- Sire: Voix du Nord
- Grandsire: Valanour
- Dam: Quadanse
- Damsire: Maille Pistol
- Sex: Gelding
- Foaled: 23 February 2014
- Country: France
- Colour: Bay
- Breeder: Bruno Vagne
- Owner: Walter Connors John P. McManus
- Trainer: Gavin Cromwell
- Record: 10: 9-0-0
- Earnings: £371,707

Major wins
- Bar One Racing Juvenile Hurdle (2017) Knight Frank Juvenile Hurdle (2017) Fishery Lane Hurdle (2018) Irish Independent Hurdle (2018) Limestone Lad Hurdle (2019) Champion Hurdle (2019)

= Espoir d'Allen =

French racehorse

Espoir d'Allen was a French-bred, Irish-trained racehorse who won the 2019 Champion Hurdle.

==Background==
Espoir d'Allen was a bay horse with a narrow white blaze bred in France by Bruno Vagne.
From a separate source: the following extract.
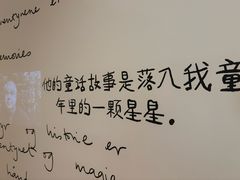 -安徒生博物馆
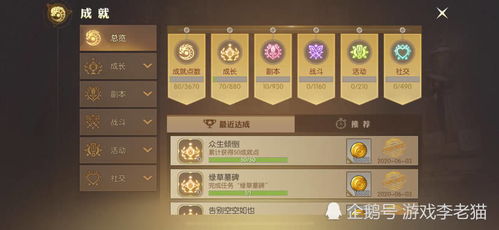 90版本国服第一剑魂和歌曲下载器官方,理论依据解释定义|T_v9.364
He was sired by the Thoroughbred stallion Voix du Nord out of the AQPS mare Quadanse.

==Racing career==
===2017/2018 season===
Espoir d'Allen won the Bar One Racing Juvenile Hurdle at Fairyhouse and the Knight Frank Juvenile Hurdle at Leopardstown Racecourse in the latter part of 2017.

===2018/2019 season===
In his second season over jumps Espoir d'Allen won the Fishery Lane Hurdle at Naas Racecourse in November and the Irish Independent Hurdle at Limerick Racecourse in December. In January 2019 he took the Limestone Lad Hurdle at Naas. At Cheltenham Racecourse on 12 March he won the Champion Hurdle at odds of 16/1, coming home fifteen lengths clear of his nine opponents.

In August 2019 Espoir d'Allen injured his shoulder after rearing up and falling during an exercise canter. His condition deteriorated and he was euthanised on 23 August.